Bottles come in all shapes, sizes and colours, but some designs are associated with a specific grape variety, wine style or region. Bordeaux wines – no matter what their style – are always packaged in bottles with straight sides and distinctive tall shoulders. Red Bordeaux is found in dark green glass, white Bordeaux in lighter green glass and sweet Bordeaux, such as Sauternes or Barsac, are in clear glass bottles. Both Alsace and the Mosel Valley use green or blue-green glass for their bottles, whereas the nearby Rhine region uses brown glass.
Colours affect the light filtration into the bottle, with the darker colours being considered more protective of the contents inside. Thus vin de guard or ‘wines for keeping’ are bottled in darker coloured bottles. Wines intended to be savoured while young (one to two years old), such as Sauvignon Blanc or Pinot Grigio, are often in clear or pale green bottles to portray a vibrant, youthful image. Rosé is almost always bottled in clear glass to show off its Pretty in Pink colour. Clear glass is a helpful messenger because once rosé is tinged orange it is time to drink-up as the wine is beginning its journey toward middle-aged spread. Many powerful supermarket chains in the United Kingdom not long ago demanded that wine producers use recycled glass for everyday drinking wines. The producers concurred, but there was a problem as there is little clear recycled bottle glass on the market. Producers who poured their pretty pink rosé in pale green bottles, saw sales crash immediately: pink and green do not a pretty colour make.

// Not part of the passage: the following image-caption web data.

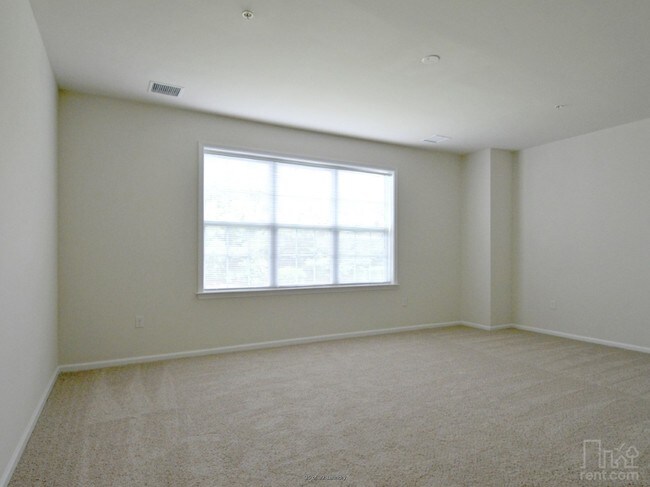 Photo - 417 Timberlake Dr Unit 417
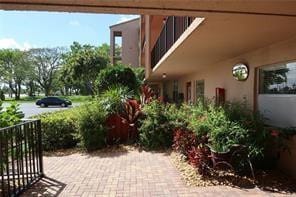 357 N ROCK ISLAND Road 405, Margate, FL 33063 photo 12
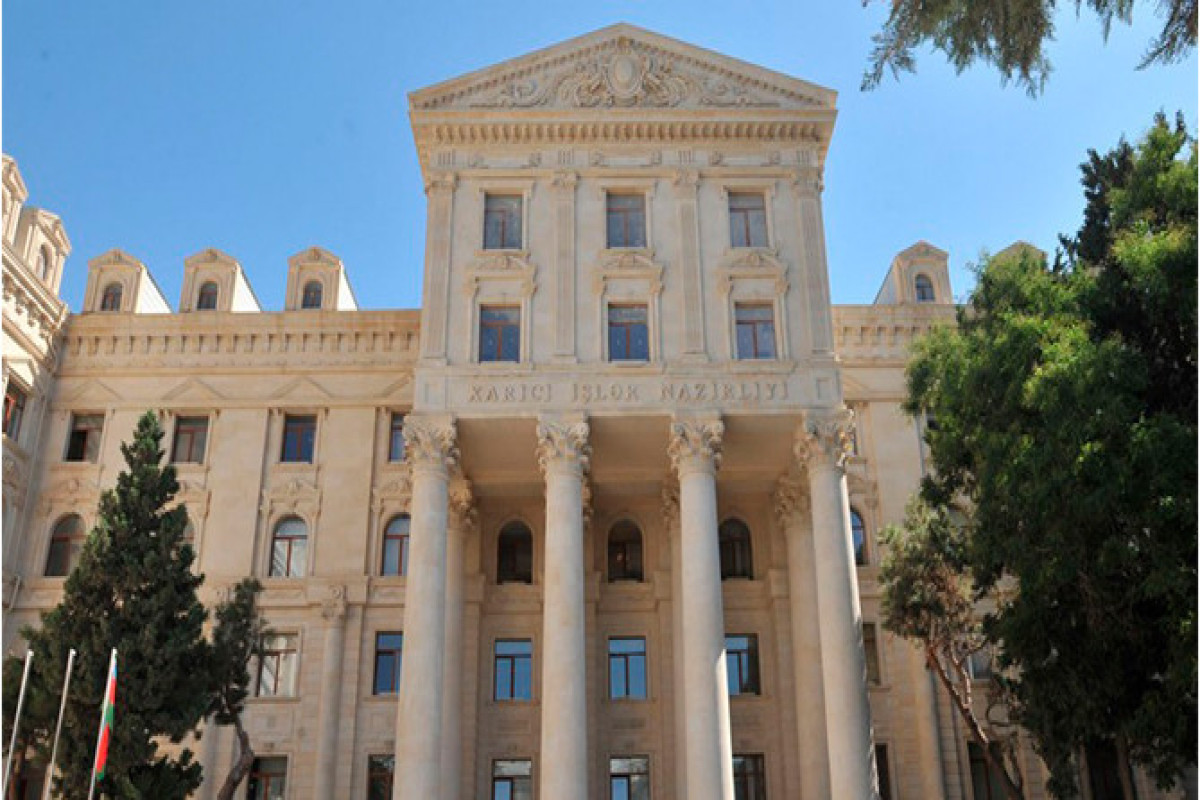 Кабмин утвердил численность и состав коллегии МИД Азербайджана 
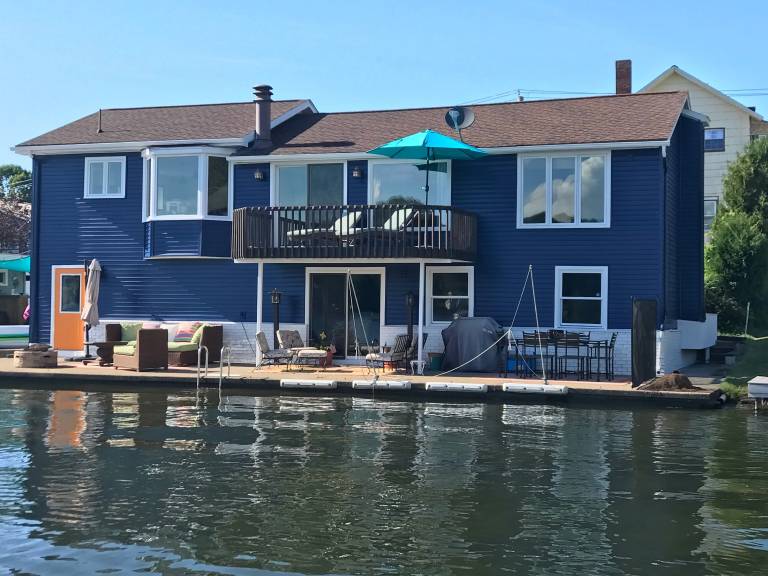 Findley Lake Vacation Rentals from 115 HomeToGo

In Burgundy, there are not such discernable differences in glass colour, though white Burgundy bottles are often in a light gold autumnal-leaf hue whereas red Burgundy is always sheltered in dark bottles. Shape is another matter. Wine aficionados playing the “guess the origin” game have been known to take a sneaky grope even while pouring from bottles encased in socks or bags to mask identity. Burgundy’s bottle shoulders reflect the laid-back attitude of the region’s producers: gently sloping and relaxed, but their bodies distinctly reflect my family gene-pool: broad-in-the-beam or bottom heavy. These slope-shouldered, plush-bottomed beauties are challenging to keep in orderly submission on the cellar shelves. Rhone bottles have a similar shape to Burgundy, but are a tad slimmer with many sporting an embossed coat of arms on the neck. Tall, slender bottles known as flutes are typical of Germany and Alsace, though the short, squat bocksbeutal is de riguer from Germany’s Franken region. Provence’s unique bowling pin shaped bottle is known as a skittle. Most fortified wines, such as Port, Madeira and sweet Sherry are intended for lengthy aging, so the bottles are usually sturdy and with long necks to accommodate an extended cork. Port bottles often flare at the neck, purportedly to help capture sediment when decanting the wine, which is also one of the explanations for Bordeaux’s firm shoulders. Classic European bottle shapes have been widely adopted by winemakers around the world, all hoping to emanate an irresistibly romantic message, though a few of the whacky shapes infiltrating our shelves lately are seeming more like Sting’s plaintive SOS.